US trains, and monitors for moonlighting by, Iraqi forces

Some feared to be Shi'ite death squad fighters

May 02, 2006|Antonio Castaneda, Associated Press

BAGHDAD -- US troops aren't just training Iraqi forces, they're also keeping an eye on them, watching for signs that they could be moonlighting in the Shi'ite death squads that target Sunnis.

Bound and tortured bodies, both Sunni and Shi'ite, turn up every day in the capital, dumped in the streets. Sunni Arabs say their people are the victims of Shi'ite militiamen who have infiltrated government forces, especially paramilitary commando units of the Shi'ite-led Interior Ministry.

In Dora, one of the Baghdad's most violent neighborhoods with a mix of Sunnis and Shi'ites, US troops working with Interior Ministry units say they can feel the Sunni mistrust.

''There's a fear that when (the Interior Ministry) comes in, it may not be on a legitimate mission, unless they're with us," said Lieutenant Colonel Greg Butts, commander of the 2d Battalion, 506th Regimental Combat Team, 101st Airborne Division that oversees Dora.

Gaining public acceptance of the Interior Ministry commandos, recently renamed the National Police, has become a priority for US forces. American commanders plan eventually to hand over counterinsurgency operations in large swaths of Baghdad and other cities, including Samarra, to the Interior Ministry as part of the broad effort to move US troops into a background role -- and eventually out of Iraq.

But both US and Iraqi officers say winning public trust will take time.

Sunni leaders in Dora have even warned US commanders that they will fire on commandos who try to approach their homes, Butts said.

It is not an idle threat.
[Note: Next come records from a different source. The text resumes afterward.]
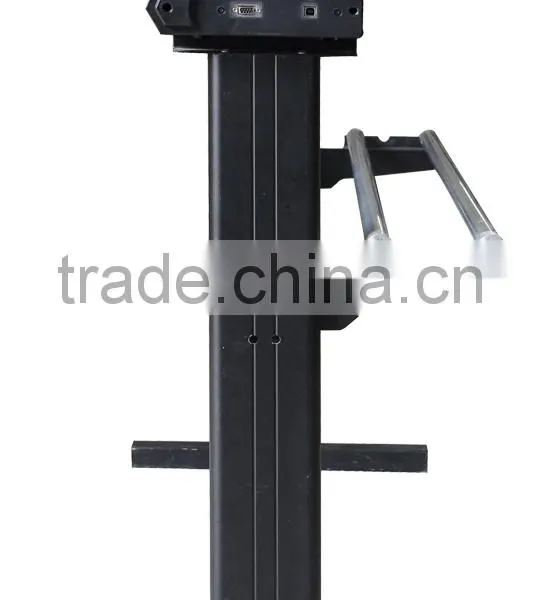 LIYU TC Series Cutter Plotter photo-6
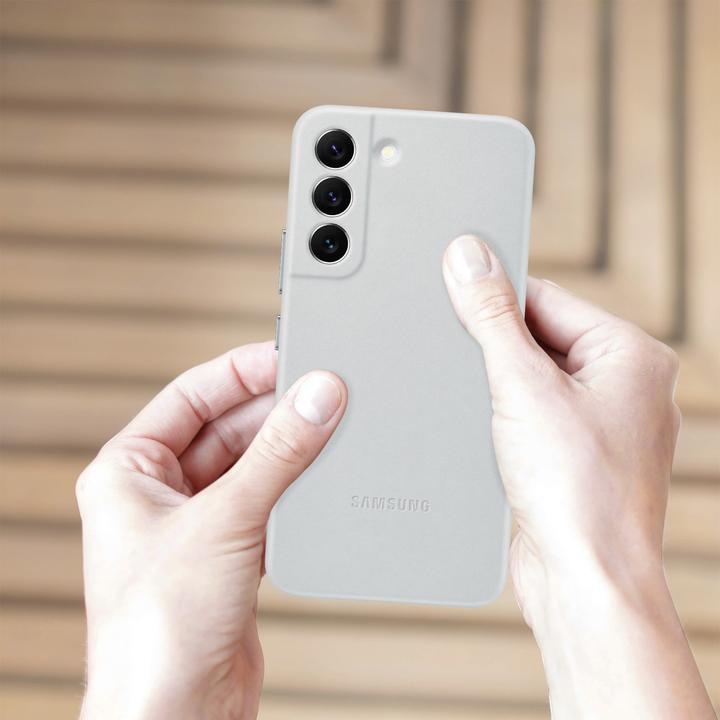Image du produit Samsung Couverture en cuir (Samsung Galaxy S22+, Samsung Galaxy S22 5G)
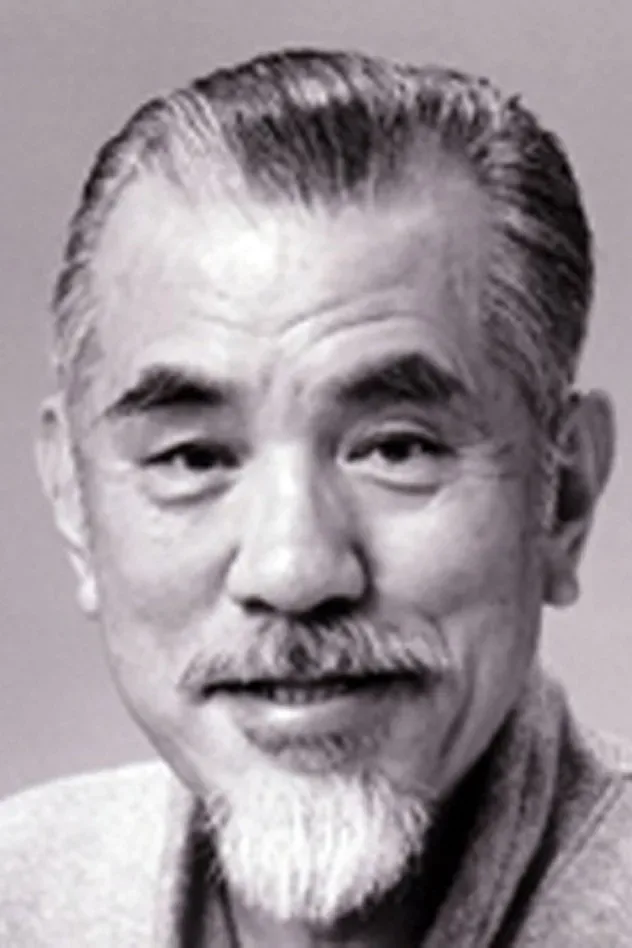 صورة الغلاف لـ Masao Imafuku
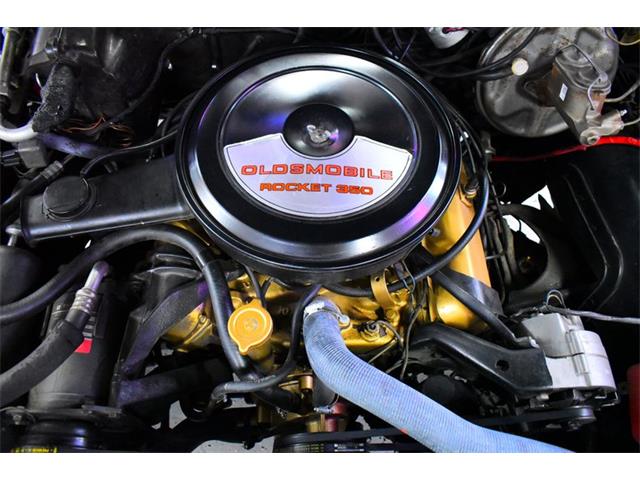1970 Oldsmobile Cutlass (CC-2092939) for sale in Wayne, Michigan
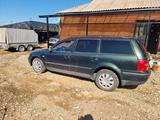 Volkswagen Passat 1997 года за 1 700 000 тг. в Кокшетау – фото 2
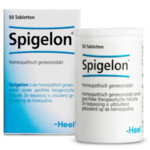 Heel Spigelon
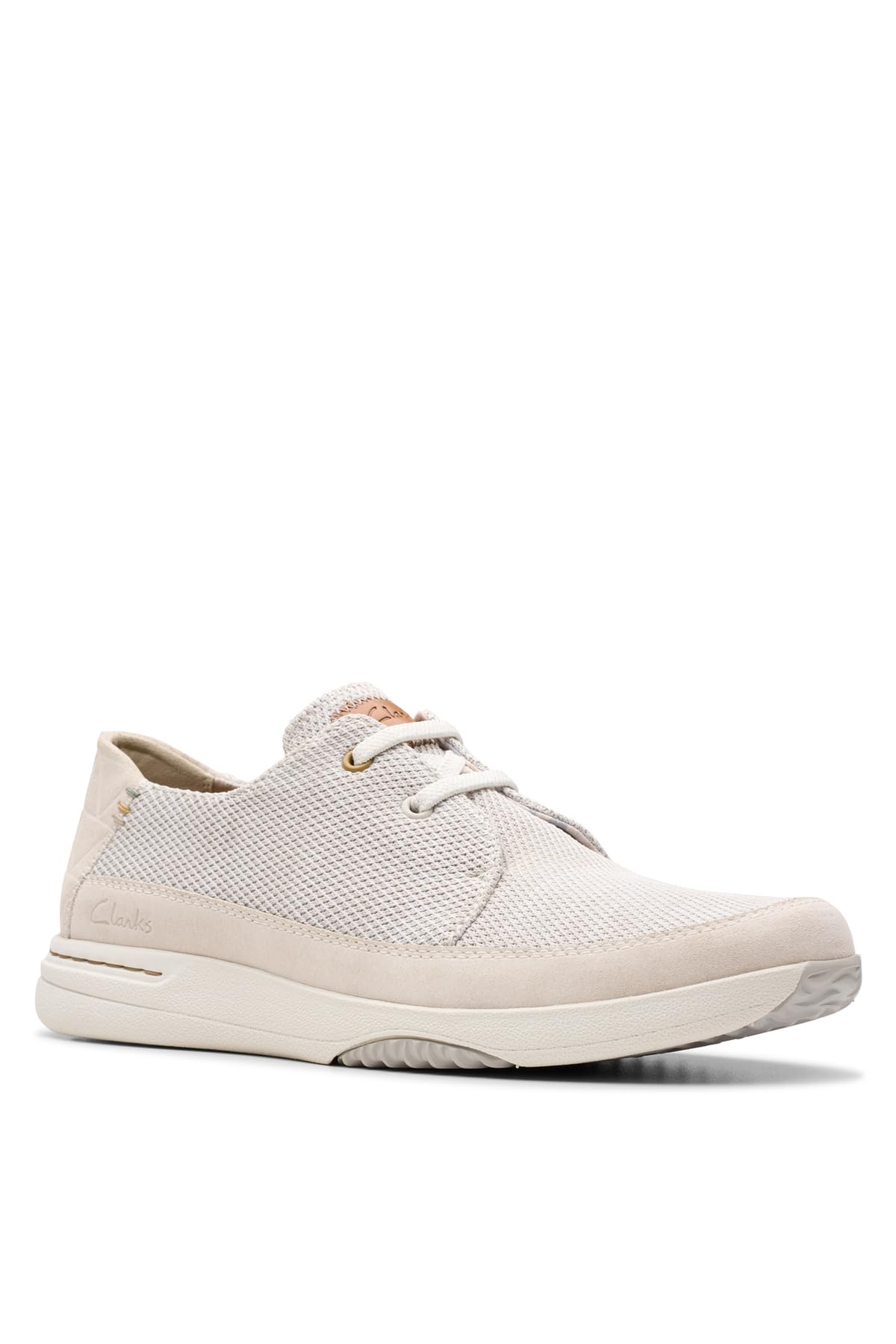 Clarks Easeway Lace --- Uomo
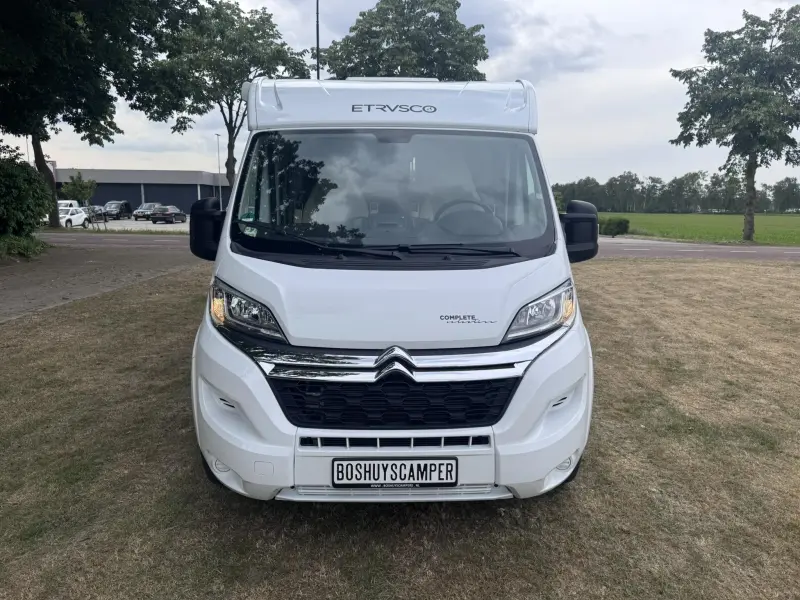 Etrusco V6.6 SB X  foto: 7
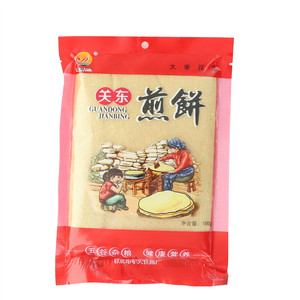 敖源关东煎饼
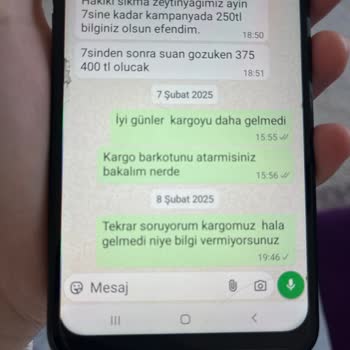 Yöresel Ürün Satışında Mağduriyet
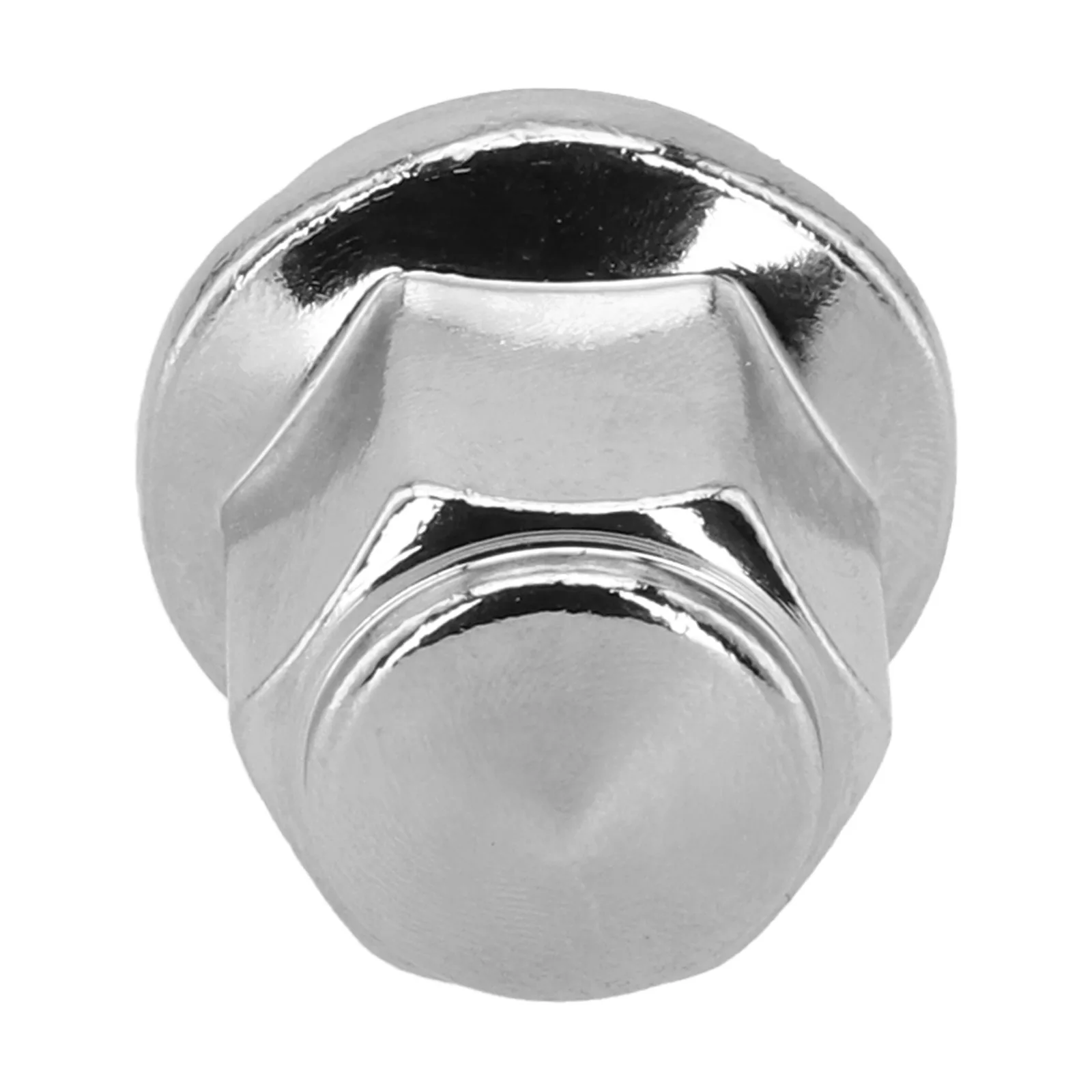 

Wheel Replacement ACPA1012JXA Wheel Nut Lasting And High-strength OEM Number ACPA1012JXA Replace Damaged Nut Steel Material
Earlier this month, residents in the Sunni neighborhood of Azamiyah battled for two days against Iraqi forces, believing they were Shi'ite death squads. As many as 13 people were killed

Suspicion does not run as deeply toward the Iraqi Army, a better-trained force controlled by the Defense Ministry, which is run by a Sunni. However, Interior Ministry commandos play a major role in many counterinsurgency operations, especially in the Baghdad area where sectarian tensions run high.

Many Sunnis consider them indistinguishable from Shi'ite militias.

Last week, US Ambassador Zalmay Khalilzad warned that militias form the ''infrastructure of civil war" in Iraq. The Iraqi government must incorporate them into its armed forces so that their loyalty is to the state, not their sectarian leaders, he said.

But determining a commando's true allegiance is not easy.

During a recent patrol in Dora, one commando turned on his cellphone to proudly display an image of Moqtada al-Sadr, the radical anti-American cleric. Sadr's powerful Mahdi Army of militiamen is accused by Sunnis of attacking their mosques in retaliation for the Feb. 22 bombing of a Shi'ite shrine in Samarra, north of Baghdad.